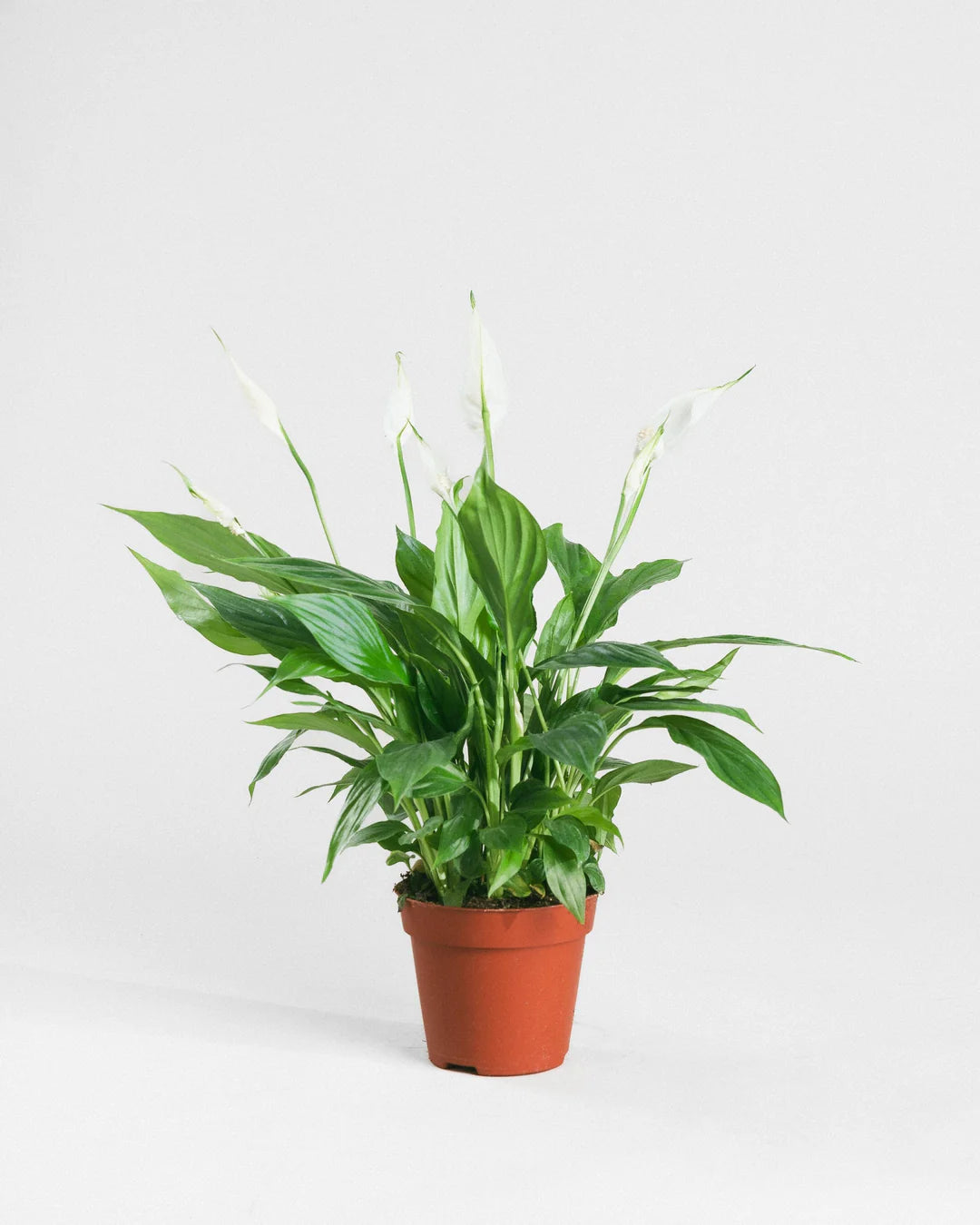 Peace Lily / Spathiphyllum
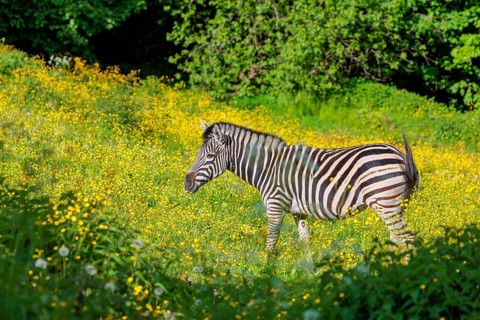 A Chapman's zebra (Equus quagga chapmani) grazing on a yellow flowering meadow. South East Africa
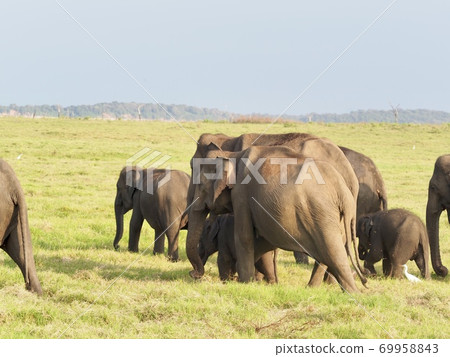 Elephants in Sri Lanka 69958843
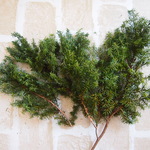 ソフトヒムロスギ(プリザーブド）フレッシュグリーン　小分け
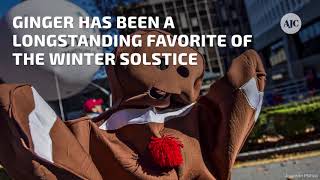 VIDEO 6 littleknown facts about winter solstice [upl. by Vito659]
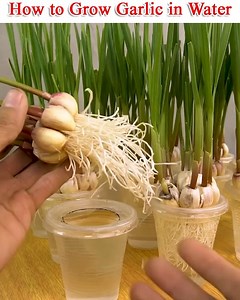 9.3M views · 62K reactions | A few days prior to planting, separate...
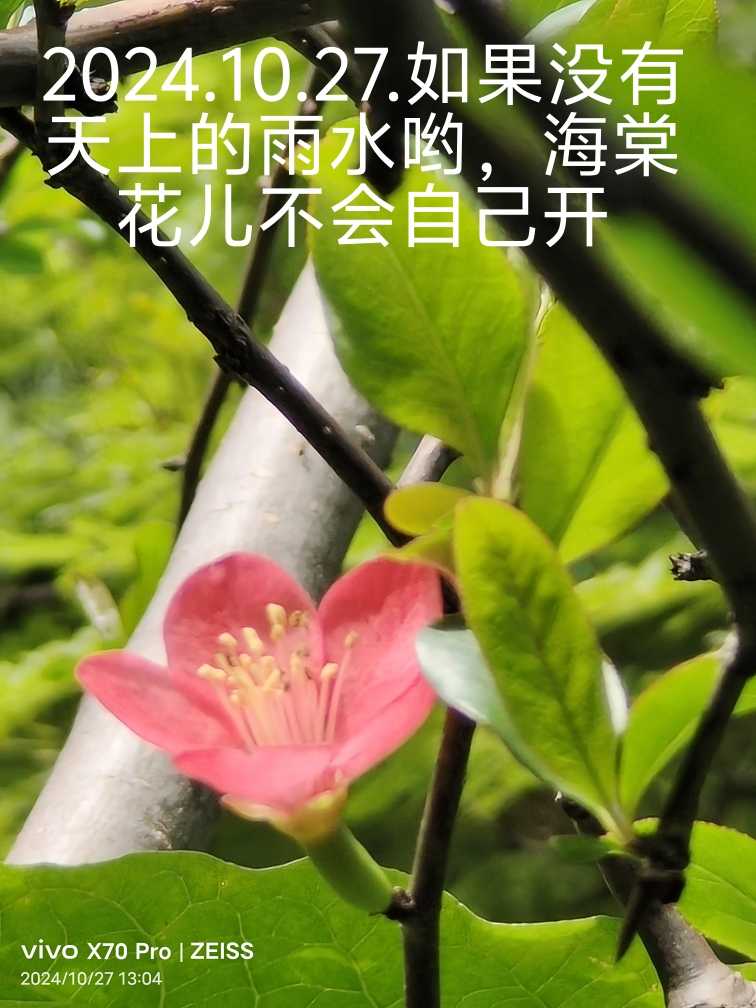 2024-10-27，如果没有天上的雨水哟，海棠花儿不会自己开-1.jpg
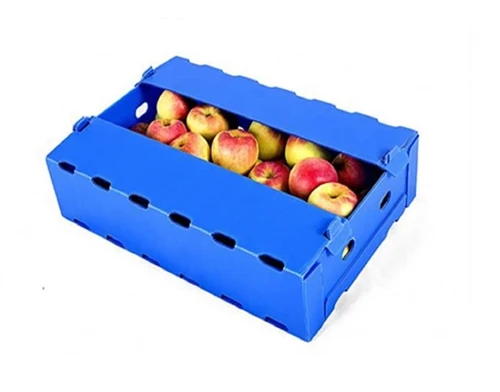Application Areas Of Corrugated Plastic Boxes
▬▬▬▬▬▬▬▬▬▬
Goal of the exercise:
The answer must be the full listing retyped exactly, with no pictures in it.

Task solution:
 Peace Lily / Spathiphyllum
 A Chapman's zebra (Equus quagga chapmani) grazing on a yellow flowering meadow. South East Africa
 Elephants in Sri Lanka 69958843
 ソフトヒムロスギ(プリザーブド）フレッシュグリーン　小分け
 VIDEO 6 littleknown facts about winter solstice [upl. by Vito659]
 9.3M views · 62K reactions | A few days prior to planting, separate...
 2024-10-27，如果没有天上的雨水哟，海棠花儿不会自己开-1.jpg
Application Areas Of Corrugated Plastic Boxes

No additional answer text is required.